En medio de la algarabía llegó la mudanza (6). Otro edificio, sin fantasmas propios, sin capacidad de contener el mundo, nos recibiría. No competirían como extensión de la enseñanza el sonido de los cuerpos contra el tabloncillo, los tambores batá o el llanto desconsolado de un ensayo, la Joplin que ayuda a terminar un traje…
Las generaciones siguientes quisieron saber cómo era habitar, aprender la ciudad-castillo. Y el deseo de trasmitirlo. Y la certeza de saberlo imposible. Tomaron algunos talleres, volvieron para algún festival… En este devenir, el mito sobre las escuelas y sus arquitectos crece: llegan reconocimientos, premios (7), declaraciones de Monumento Nacional (2013), un documental (Unfinshed Spaces, 2011)…, pero el nuevo proyecto no llega a ejecutarse.
Y Elsinor persiste, como otrora, ya sin Gottardi. Volvemos a los palimpsestos de sentido que se suceden, incansables: pienso en mi generación, otra más, que vivió el sueño de una ciudadela proyectada y construida por jóvenes; en los entuertos del camino, que anunciaban las callejuelas custodiadas por ladrillos, esa esquina que esconde una puerta, esa ventana que anuncia el abismo; pienso en quien concibió ese mundo para el teatro, que hoy hubiera sido otro; y pienso en quienes pusieron ladrillo sobre ladrillo para dar forma a la idea. Y el tercio terminado de una escuela, mía, suya, abandonado a su suerte, duele, como el cuerpo en otro tiempo doblado sobre la libreta, como la generación que no habita estos espacios.
Notas
1 Nombre con el cual se conoce al edificio de Arte Teatral concebido por el arquitecto italiano Roberto Gottardi.
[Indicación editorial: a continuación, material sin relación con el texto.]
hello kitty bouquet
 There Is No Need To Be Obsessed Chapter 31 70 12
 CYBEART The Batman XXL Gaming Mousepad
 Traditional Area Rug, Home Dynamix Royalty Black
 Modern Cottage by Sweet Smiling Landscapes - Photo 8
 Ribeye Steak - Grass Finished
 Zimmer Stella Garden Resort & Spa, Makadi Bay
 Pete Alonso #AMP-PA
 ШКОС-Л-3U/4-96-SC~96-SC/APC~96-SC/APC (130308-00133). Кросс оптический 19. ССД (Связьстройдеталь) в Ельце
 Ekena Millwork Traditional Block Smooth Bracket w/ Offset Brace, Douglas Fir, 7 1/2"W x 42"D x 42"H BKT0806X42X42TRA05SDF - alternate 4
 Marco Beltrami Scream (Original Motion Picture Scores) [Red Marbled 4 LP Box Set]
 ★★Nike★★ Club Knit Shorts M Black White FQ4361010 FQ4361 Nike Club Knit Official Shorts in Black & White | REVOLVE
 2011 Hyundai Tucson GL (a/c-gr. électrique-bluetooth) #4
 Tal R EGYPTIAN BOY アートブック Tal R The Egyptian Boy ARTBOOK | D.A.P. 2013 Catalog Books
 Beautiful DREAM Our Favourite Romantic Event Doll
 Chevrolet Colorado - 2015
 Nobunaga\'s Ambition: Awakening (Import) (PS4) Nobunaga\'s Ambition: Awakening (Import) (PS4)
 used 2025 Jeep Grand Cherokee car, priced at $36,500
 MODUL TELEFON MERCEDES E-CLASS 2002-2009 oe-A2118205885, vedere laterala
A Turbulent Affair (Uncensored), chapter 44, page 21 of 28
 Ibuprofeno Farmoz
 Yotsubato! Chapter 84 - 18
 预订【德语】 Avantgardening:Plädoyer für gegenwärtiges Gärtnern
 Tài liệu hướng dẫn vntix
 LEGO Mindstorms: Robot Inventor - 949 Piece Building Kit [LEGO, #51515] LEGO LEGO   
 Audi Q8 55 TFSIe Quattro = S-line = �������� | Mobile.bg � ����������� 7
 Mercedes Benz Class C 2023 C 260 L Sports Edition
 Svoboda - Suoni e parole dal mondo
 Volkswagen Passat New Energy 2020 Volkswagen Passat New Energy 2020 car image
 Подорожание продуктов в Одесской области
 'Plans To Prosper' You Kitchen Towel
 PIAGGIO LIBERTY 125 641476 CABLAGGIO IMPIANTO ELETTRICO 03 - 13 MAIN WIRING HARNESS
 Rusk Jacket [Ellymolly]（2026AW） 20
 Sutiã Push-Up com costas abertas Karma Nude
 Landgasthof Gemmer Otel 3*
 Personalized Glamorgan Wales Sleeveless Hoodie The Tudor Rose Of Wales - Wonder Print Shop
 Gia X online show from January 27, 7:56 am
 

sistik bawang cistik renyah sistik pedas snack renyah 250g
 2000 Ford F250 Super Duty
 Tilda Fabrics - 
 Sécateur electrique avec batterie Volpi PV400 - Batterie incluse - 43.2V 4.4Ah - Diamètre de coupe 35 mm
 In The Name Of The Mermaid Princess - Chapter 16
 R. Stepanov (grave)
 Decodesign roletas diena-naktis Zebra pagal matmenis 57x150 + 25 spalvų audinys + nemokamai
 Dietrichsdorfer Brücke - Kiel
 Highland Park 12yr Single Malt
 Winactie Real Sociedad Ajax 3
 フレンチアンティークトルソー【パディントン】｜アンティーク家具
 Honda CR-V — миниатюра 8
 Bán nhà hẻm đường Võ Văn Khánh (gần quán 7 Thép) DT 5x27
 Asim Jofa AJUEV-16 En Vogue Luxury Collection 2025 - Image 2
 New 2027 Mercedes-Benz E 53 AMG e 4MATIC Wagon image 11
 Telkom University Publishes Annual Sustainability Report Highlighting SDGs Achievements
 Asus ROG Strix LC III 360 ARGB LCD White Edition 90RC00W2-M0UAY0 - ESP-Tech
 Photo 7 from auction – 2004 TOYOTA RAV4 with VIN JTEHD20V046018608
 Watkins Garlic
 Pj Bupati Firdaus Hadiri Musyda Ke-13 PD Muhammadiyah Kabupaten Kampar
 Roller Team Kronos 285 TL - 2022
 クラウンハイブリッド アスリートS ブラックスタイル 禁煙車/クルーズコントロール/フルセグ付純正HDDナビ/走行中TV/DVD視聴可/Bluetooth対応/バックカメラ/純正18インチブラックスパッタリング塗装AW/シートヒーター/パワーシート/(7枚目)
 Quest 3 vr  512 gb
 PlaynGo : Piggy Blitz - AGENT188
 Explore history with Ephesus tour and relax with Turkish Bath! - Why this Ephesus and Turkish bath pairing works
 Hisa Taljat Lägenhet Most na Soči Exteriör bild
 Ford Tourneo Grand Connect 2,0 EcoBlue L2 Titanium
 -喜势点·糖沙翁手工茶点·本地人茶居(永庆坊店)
Hace referencia al famoso castillo de Kronborg, en Elsinor, Dinamarca, donde se desarrolla la historia de Hamlet, de William Shakespeare.
2 Citado de Orlando Inclán: “Entrevista doble con Roberto Gottardi y Ángela Rojas”, en Dédalo, dic. 2010.
3 Roberto Gottardi (Venecia, 1927-La Habana, 2017) se graduó en 1952 en el Instituto Superior de Arquitectura de su ciudad natal. Se contrató en Venezuela en 1957, donde coincidiría con los arquitectos Ricardo Porro y Vittorio Garatti. Tres años más tarde llegó a Cuba con el encargo de construir las escuelas de arte en el exclusivo Country Club habanero, convocado por Porro. En la Isla Gottardi haría su vida.
4 Ricardo Porro (Camagüey, 1925-París, 2015), arquitecto cubano, fue el coordinador del proyecto de las escuelas de arte y quien sumaría a Gottardi y Vitorio Garatti al proceso. A su cargo estuvieron las escuelas de Artes Plásticas y Danza Moderna.
5 Vittorio Garatti (Milán, 1927), arquitecto italiano vinculado al quehacer de las escuelas de arte, responsable de espacios que se dedicarían a Ballet y Música.
6 En palabras de Fernando Rojas, viceministro de Cultura: “en 2006 se desalojó la facultad de teatro y en 2009 se iniciaron las labores constructivas, consistentes en la reparación de la parte de las cubiertas de su área techada. Las obras se han realizado con mucha lentitud y algunas no se han podido iniciar por falta de fondos. Antes se logró reparar la Escuela de Danza de nivel medio y la Facultad de Artes Plásticas”, citado de Las escuelas nacionales de arte de La Habana (Michele Paradiso, 2016).
7 En 2012, el gobierno de Italia le entregó a Gottardi el premio Vittorio de Sicca en la categoría Arquitectura, galardón que compartió con Garatti y Porro. En 2016 el arquitecto de la escuela de artes dramáticas sería reconocido con el Premio Nacional de Arquitectura de Cuba.